JWs and Infant Weddings - Marry as young as legally possible

by doubtful 13 Replies latest jw friends

  • doubtful
    doubtful

    It sickens me to hear the venemous propoganda against the evils of higher education. They talk so much about how it consumes valuable time during one's youth - how it takes away time from pursuing spiritual goals like pioneer service, missionary service, MTS, Bethel, etc..That's one of their biggest talking points in their argument against a college education. Their other point is that we shouldn't be preparing for a long stay in this system, so why the need to prepare for a lucrative and satisfying career by attending college for 4 years, when time is running out, and the Big A is literally right around the corner...it shows a lack of faith in Jah's promises and a materialistic attitude..etc.

    Yet..they never say anything about the countless thousands of teenage or near-teenage weddings! Why?

    It saddens me to see so many drone witness youth getting married at such startingly young ages as if they lived prior to the industrial revolution or something and were trying to extract every year out of life for child bearing because their life expectancy and infant mortality rate was so low.

    The average "normal" person in the U.S. today gets married at a much later age..Before women used to get married as soon as they reached child bearing age..later as soon as they were legally able to wed.. - ie - 16-18...and in more recent times (20th century) maybe a few years after graduating secondary school. This was because women were always financially dependent on their husbands. They needed a man to work and provide for them, as very little jobs were available to women, and women were often intentionally kept uneducated. Since the era of the feminist movement and Women's Liberation, although some discrimination does still exist, by and large most women have no trouble getting an education and pursuing a career while earning more than enough to support themselves.

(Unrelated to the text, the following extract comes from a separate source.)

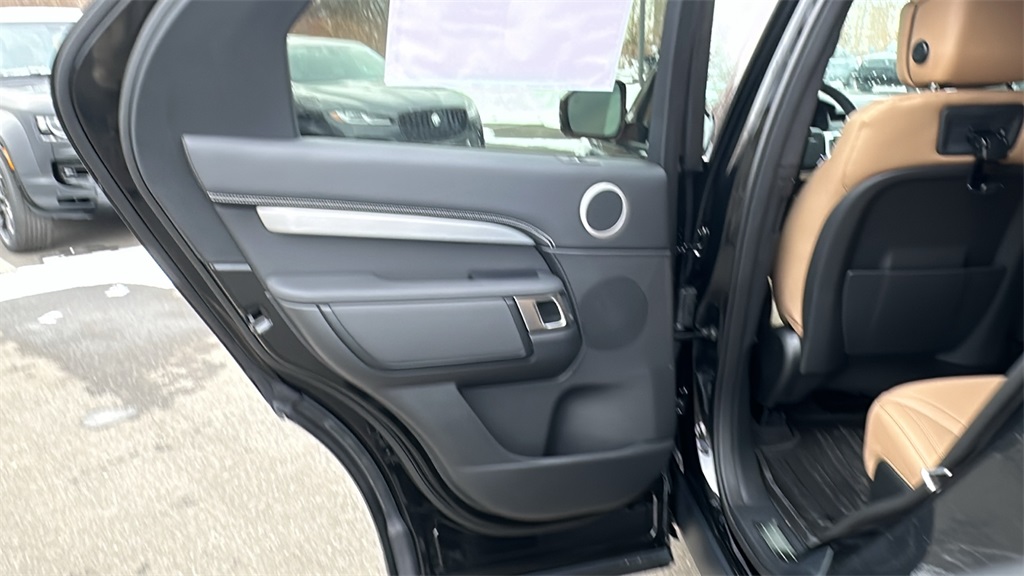 new 2026 Land Rover Discovery car, priced at $79,476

    Yet, in the Leave it to Beaver society that is Watchtower land, young witness girls are always encouraged to just pioneer and attract a "hard-working brother to support you"..They're programmed to expect nothing more out of life than to reach 18 and immediately look for a husband to support them so they can be a housewife for the rest of their days.

    And of course, all the horny JW teenagers who are sexually frustrated and not even allowed to masturbate can't think of anything other than to get married as soon as possible so they can screw their brains out.

    These two factors together lead to one inevitable outcome = witness youth getting married at a ridiculously young age, before they're even done developing emotionally, psychologically, and intellectually..before they've firmly discovered their own identity and settled into the person that they're going to be..before they even experience life on their own as single adults..They go straight from their parents home to married life..

    It's so sad..

    And when they get married..they don't have time or the ability to pursue all the "spiritual goals" that are so often encouraged..They have to slave away at their menial jobs, sometimes having to work two jobs each just to support themselves, and they don't have time to pioneer and "take advantage of their youth".. Yet no one ever bats an eyelash..You never hear talks from the platform discouraging this..Why?

    The answer is simple. Allowing youths to get married so soon is not a threat to the Watchtower, while a university education most certainly is. No honest, object truth seeker can learn what one learns in college, face the evidence and still hold to the bizarre beliefs of the Watchtower.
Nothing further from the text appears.